Directions for this task - With the pictures left out, repeat every entry that follows exactly.

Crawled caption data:
⟨

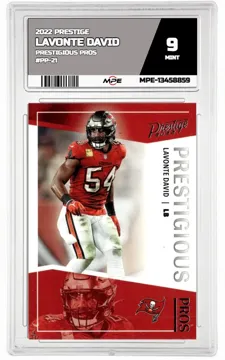 2022 PRESTIGE PRESTIGIOUS PROS #PP-21 LAVONTE DAVID MPE 9 MINT — graded card up for auction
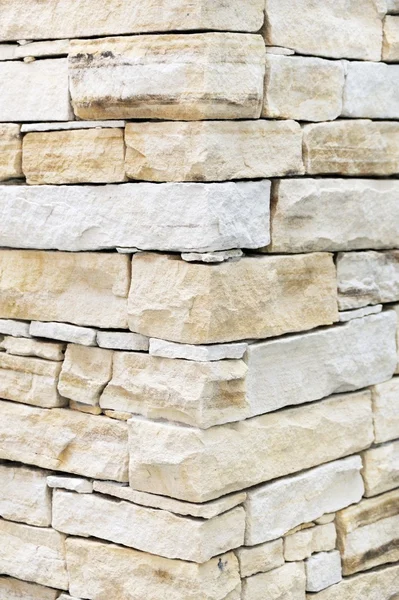 Kumtaşı tuğladan yapılmış duvar — Stok fotoğraf
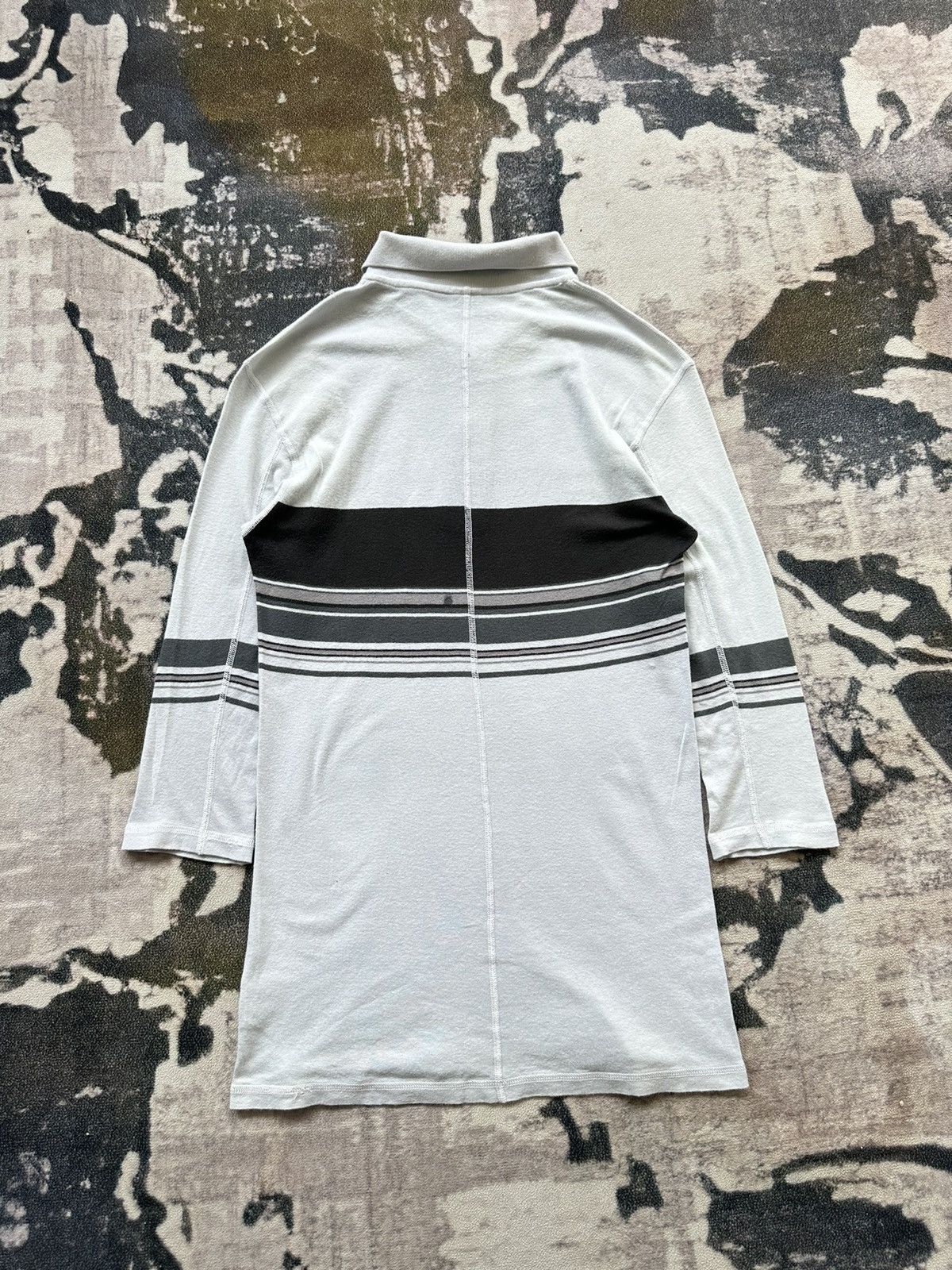 Attachment 2000s Attachment Japan striped polo quarter sleeve Size US M / EU 48-50 / 2 - 2 Thumbnail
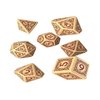 Q-Workshop Viking Beige & Burgundy Dice Set (7)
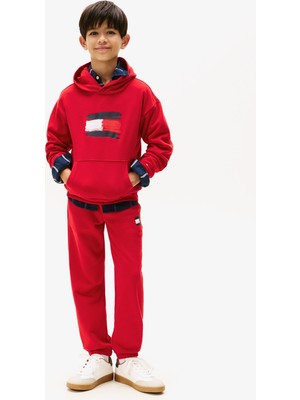 Tommy Hilfiger Flag Çocuk Kırmızı Eşofman Altı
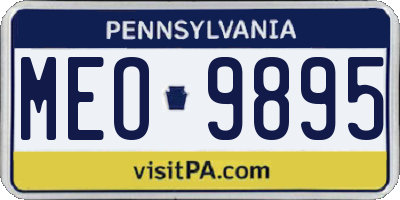 PA license plate MEO9895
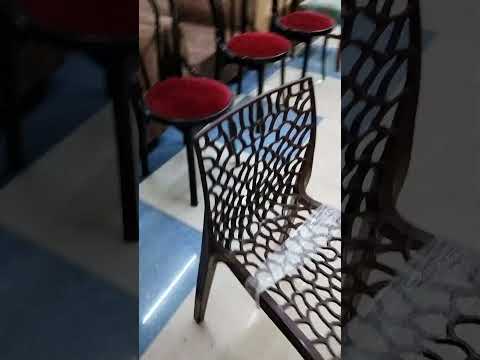 Medium back dining tables and chairs, for restaurant, set si...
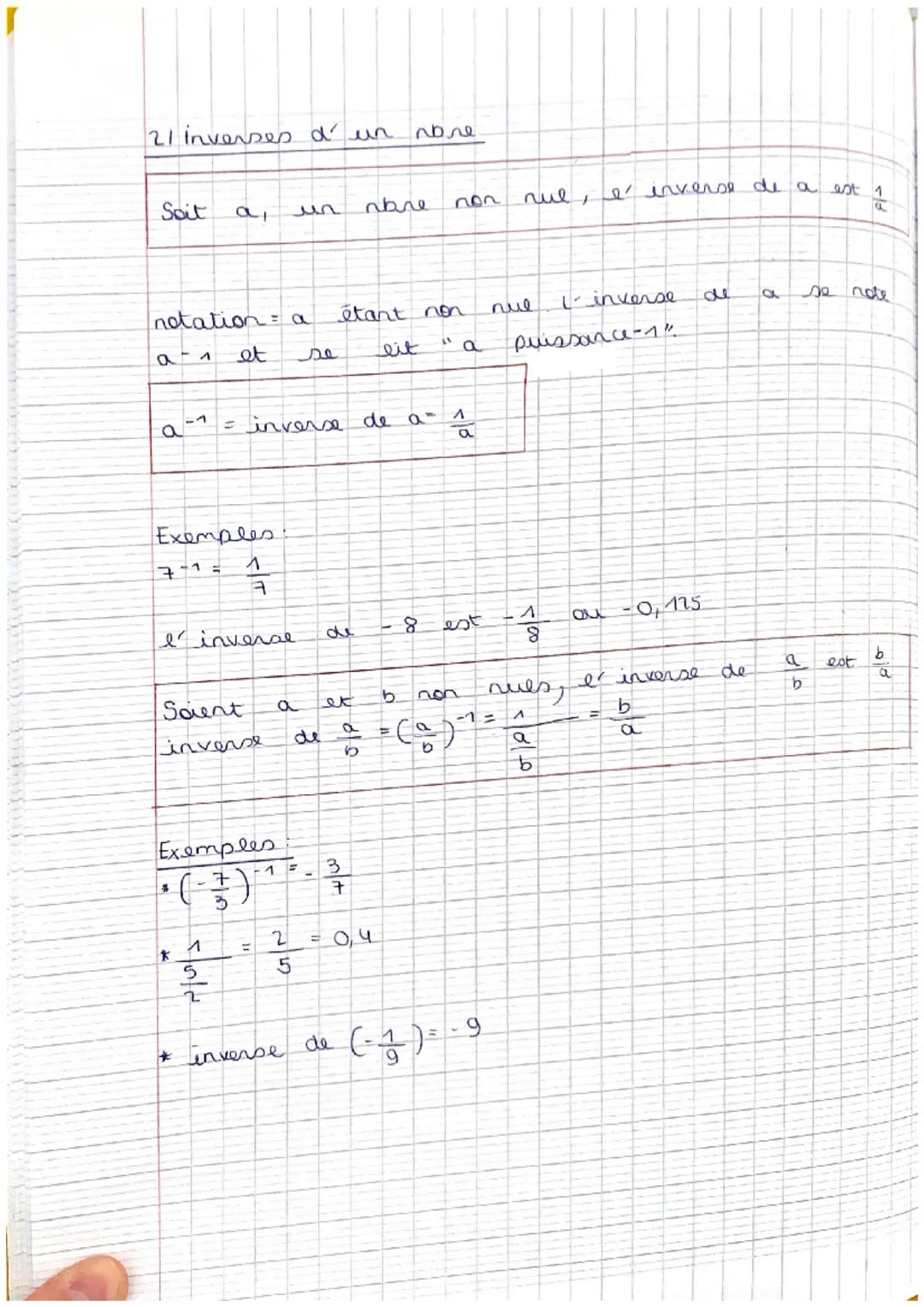 NC2 LES FRACTIONS.

SEQUENCEL DIVISIONS DE FRACTIONS

invented

11 Definition
Deux abrمع sont inversxs. si leur product ent égale et 1, et r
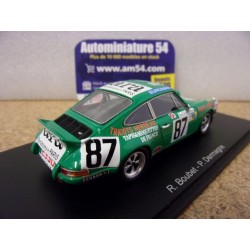 1975 Porsche 911 2.7 n°87 Boubet - Dermagne 20th Le Mans S9812 Spark Model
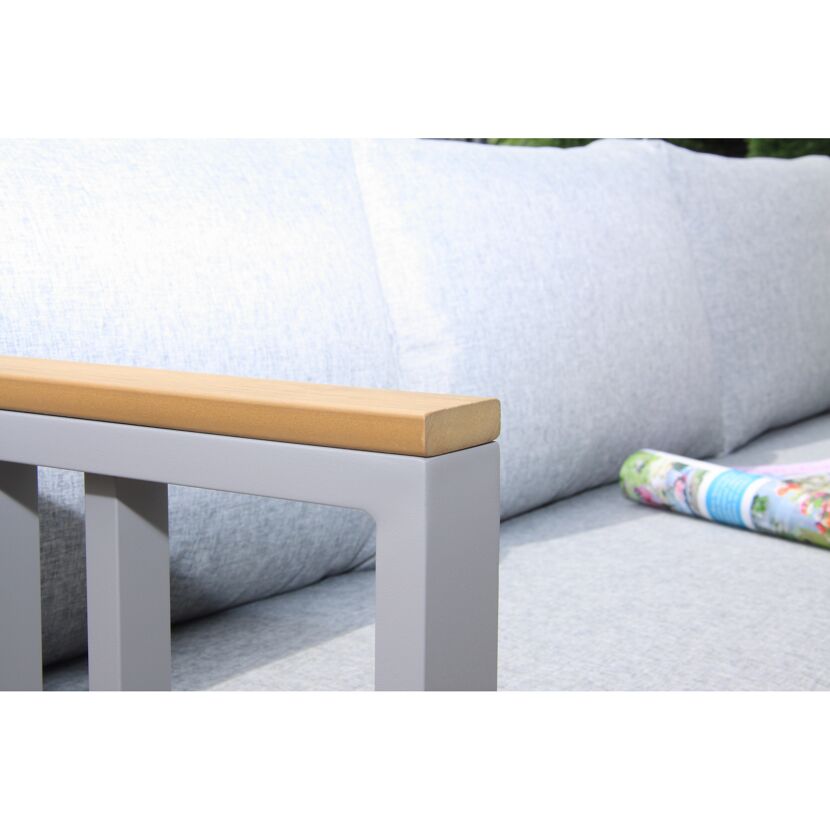 Loungemöbelset 'Gondola' Aluminium grau 4-teilig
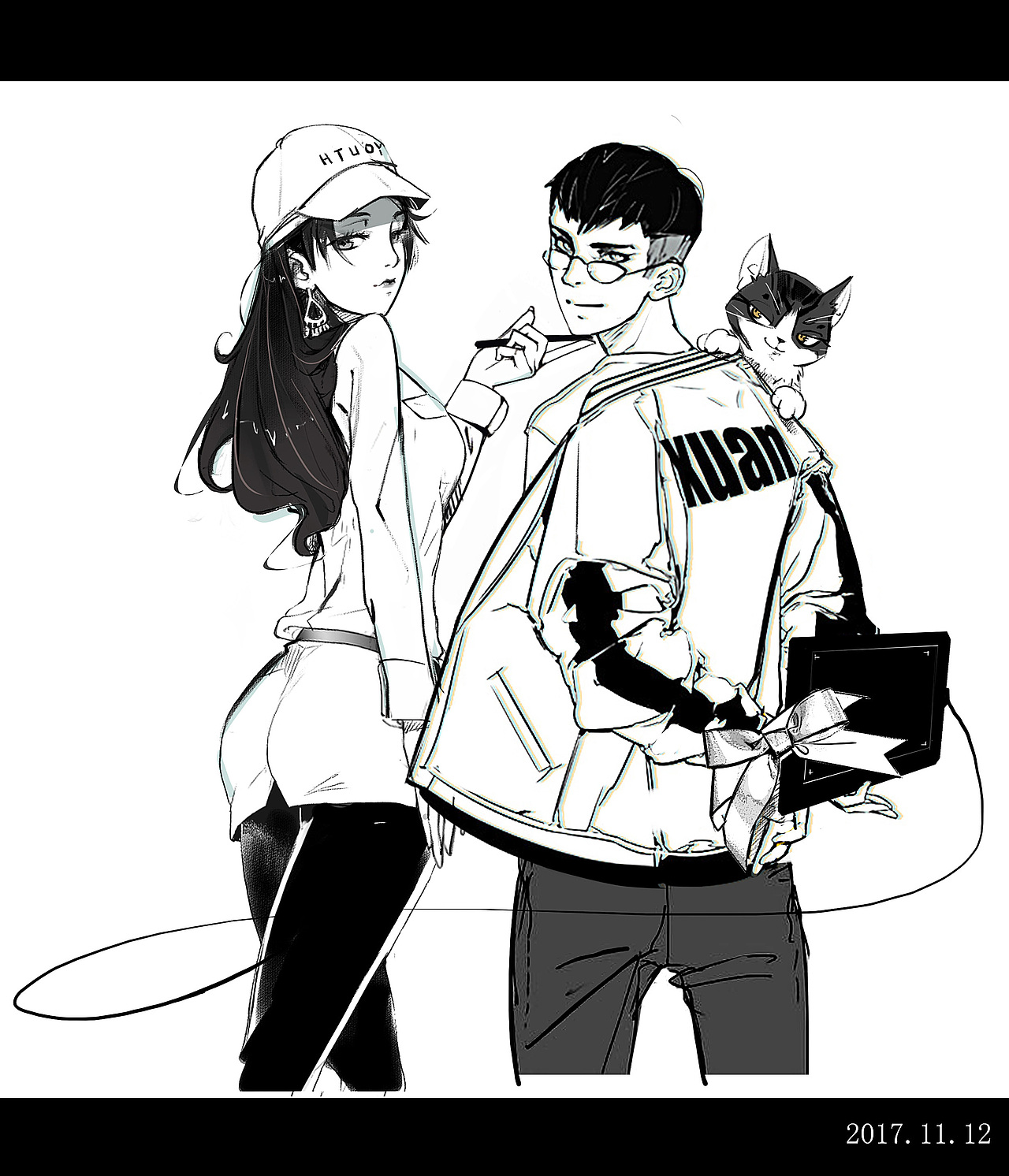 几张线稿还有平涂练习（图ZMTAzOTM3NzI4） - 创作习作 - 站酷设计师lawa_2513148原创素材 - 站酷ZCOOL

⟩

Result for this task -
 2022 PRESTIGE PRESTIGIOUS PROS #PP-21 LAVONTE DAVID MPE 9 MINT — graded card up for auction
 Kumtaşı tuğladan yapılmış duvar — Stok fotoğraf
 Attachment 2000s Attachment Japan striped polo quarter sleeve Size US M / EU 48-50 / 2 - 2 Thumbnail
 Q-Workshop Viking Beige & Burgundy Dice Set (7)
 Tommy Hilfiger Flag Çocuk Kırmızı Eşofman Altı
 PA license plate MEO9895
 Medium back dining tables and chairs, for restaurant, set si...
 NC2 LES FRACTIONS.

SEQUENCEL DIVISIONS DE FRACTIONS

invented

11 Definition
Deux abrمع sont inversxs. si leur product ent égale et 1, et r
 1975 Porsche 911 2.7 n°87 Boubet - Dermagne 20th Le Mans S9812 Spark Model
 Loungemöbelset 'Gondola' Aluminium grau 4-teilig
 几张线稿还有平涂练习（图ZMTAzOTM3NzI4） - 创作习作 - 站酷设计师lawa_2513148原创素材 - 站酷ZCOOL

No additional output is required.